Cons: Vertical clearance can be problematic when climbing / descending vertical obstacles either damaging the tire / tailgate or prohibiting your forward progress. Adds tail weight, adds rear end sag and acts like anchor weight increasing risk of going "end over end" on extreme vertical climbs.
Spare Tire Inside Cab
Pros: Improves center of gravity, reduces risk of vehicle damage when climbing, improves departure angle, maximizes rear lift.
Cons: Takes up cab storage space, more work to access if needed.

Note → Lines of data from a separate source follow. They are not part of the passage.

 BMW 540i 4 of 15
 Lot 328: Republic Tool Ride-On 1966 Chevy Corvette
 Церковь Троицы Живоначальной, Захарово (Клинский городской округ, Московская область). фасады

Now in the case of having a Jeep like my YJ-5 there arent many options. Either leave it off or locate it on the rear. No room inside to fit a 37" tire, no way to mount it on the roof of a soft top vehicle and even if there were I would not want to raise the center of gravity or deal with low clearance obstacle issues. What I have done is build a stout tire carrier that raised the tire well above my bumper level. I can back into trees etc because it isnt going to move and will stop the Jeep before I damage anything. Down side to this is there is now a 37" tire blocking my rear vision, fortunately I either have spotters or it doesnt matter if I hit anything.

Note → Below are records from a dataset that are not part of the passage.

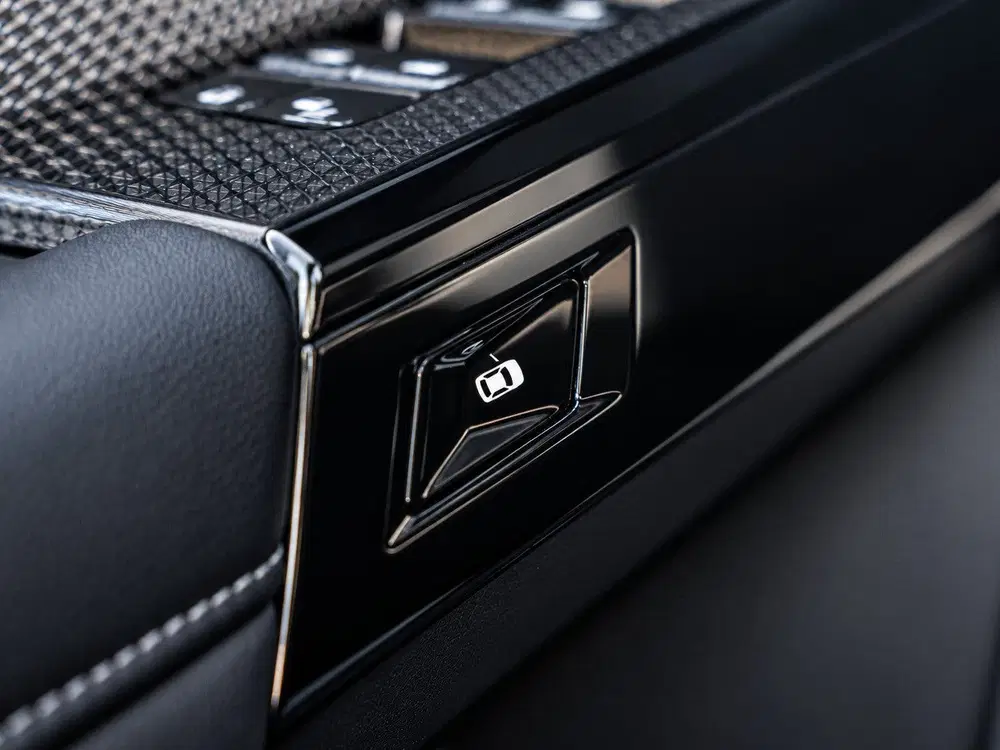 BMW 7-serie 750e XDrive uit 2023, foto 15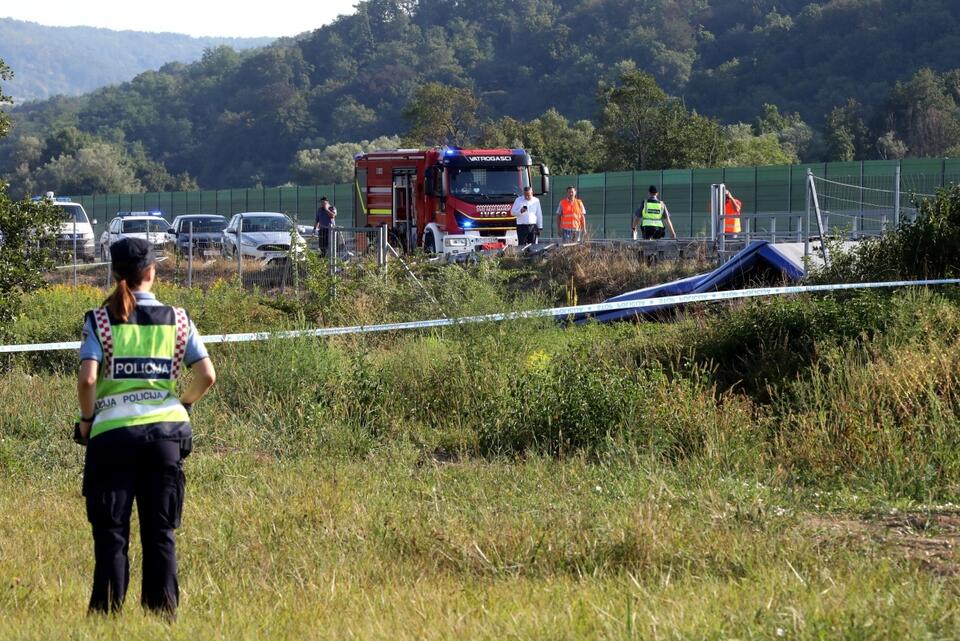 Służby ratownicze na miejscu wypadku polskiego autobusu na autostradzie między Varazdin i Zagrzebiem w Chorwacji, wczesnym rankiem 6 sierpnia 2022 r. / autor: PAP/EPA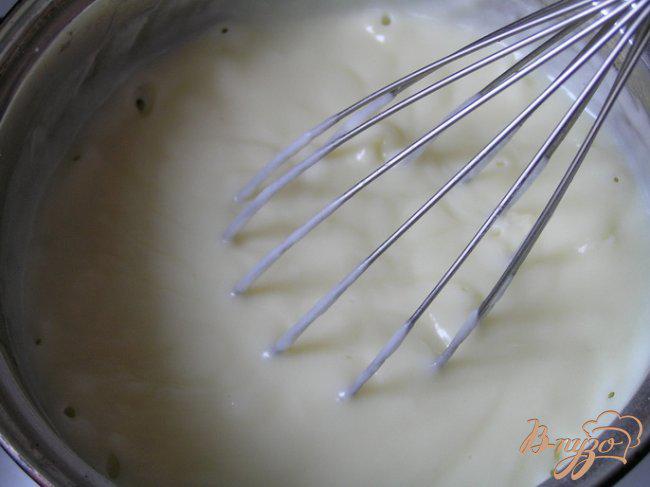 Фото приготовление рецепта: Торт «Наполеон» с кремом Муслин и брусничным соусом шаг №3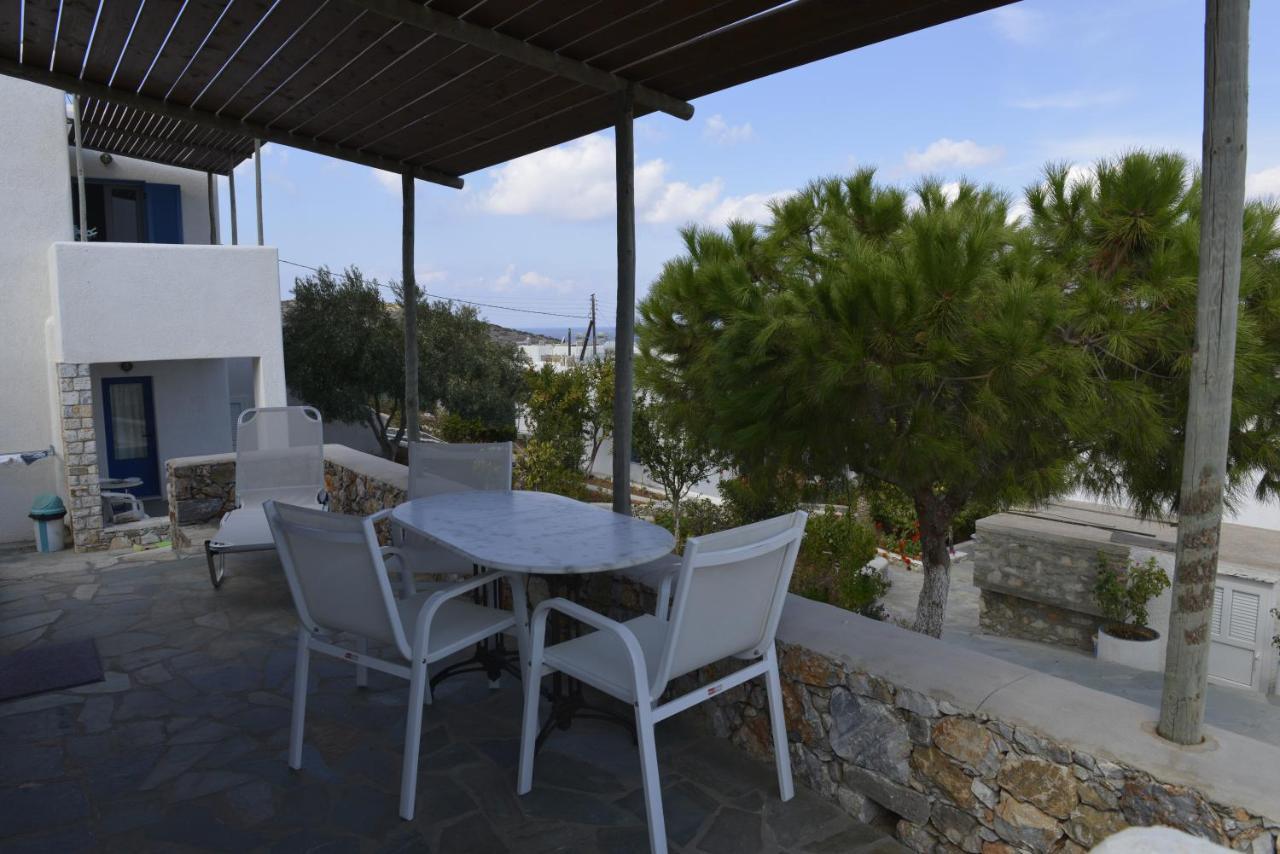 Anna's Place Rooms Irakleia  Exterior foto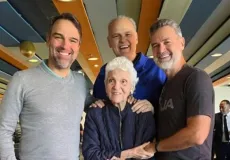 Tadeu Schmidt anuncia morte da mãe um mês após perder o irmão Oscar Schmidt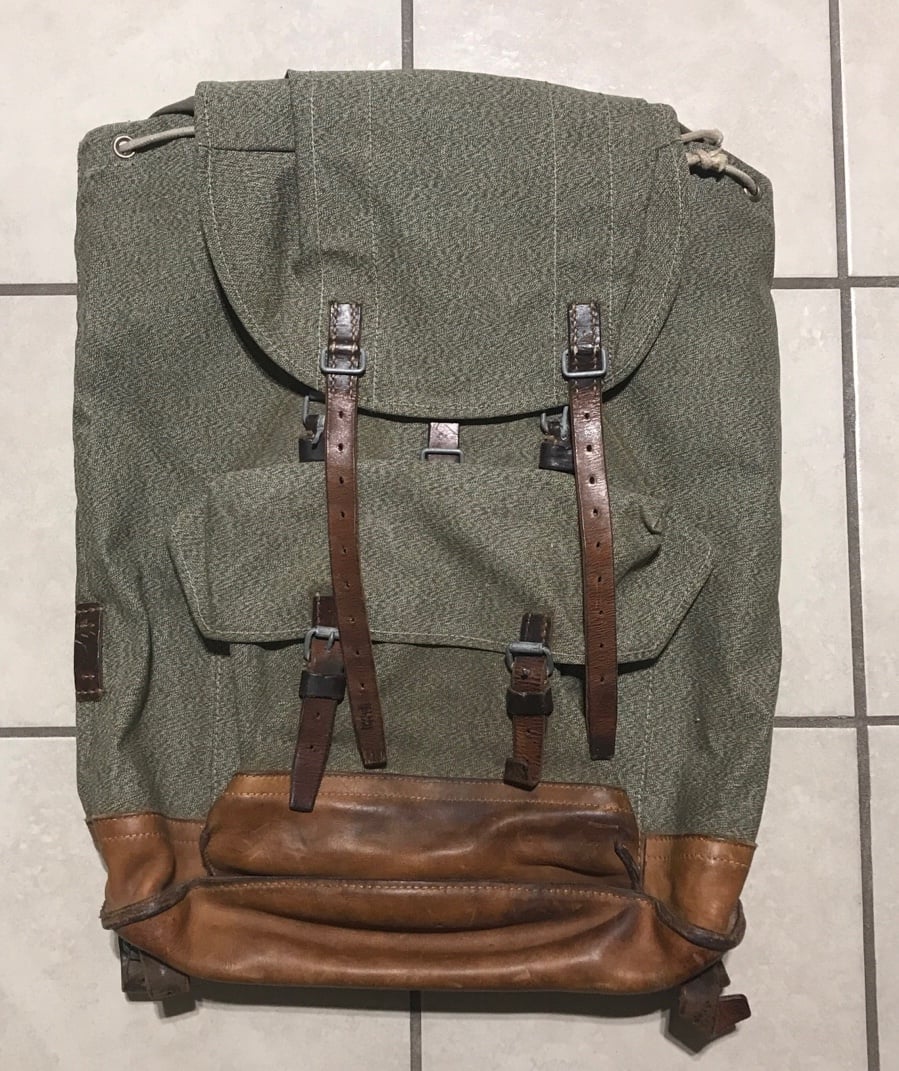 VINTAGE DUTOIT 1962 MOUDON SWISS BACKPACK
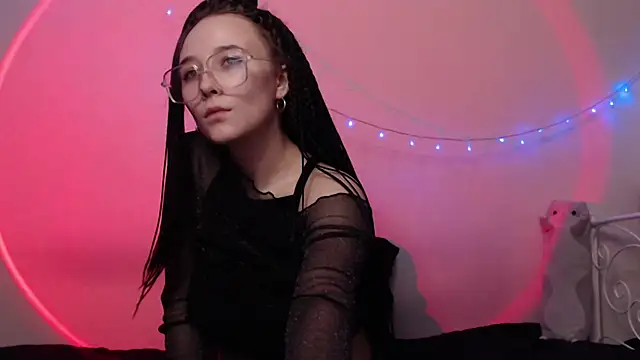 Robin yourss online show from 12-24-24, 01:39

Spare tires I would like to note ARE required at some events or parks. So in my opinion going without is just not an option. Nor is it a very good option to rely on others for an important item such as a spare tire, How would you feel if you had a friends spare on your vehicle and they popped a tire and now needed one? Your friend was prepared and now might be stranded because you were not. I like to try to never have to rely on others for tools or parts. these should be essential items in your rig. Yes there will e times something get lost or borrowed but pre-trip planning should always include checking your tools and recovery gear too.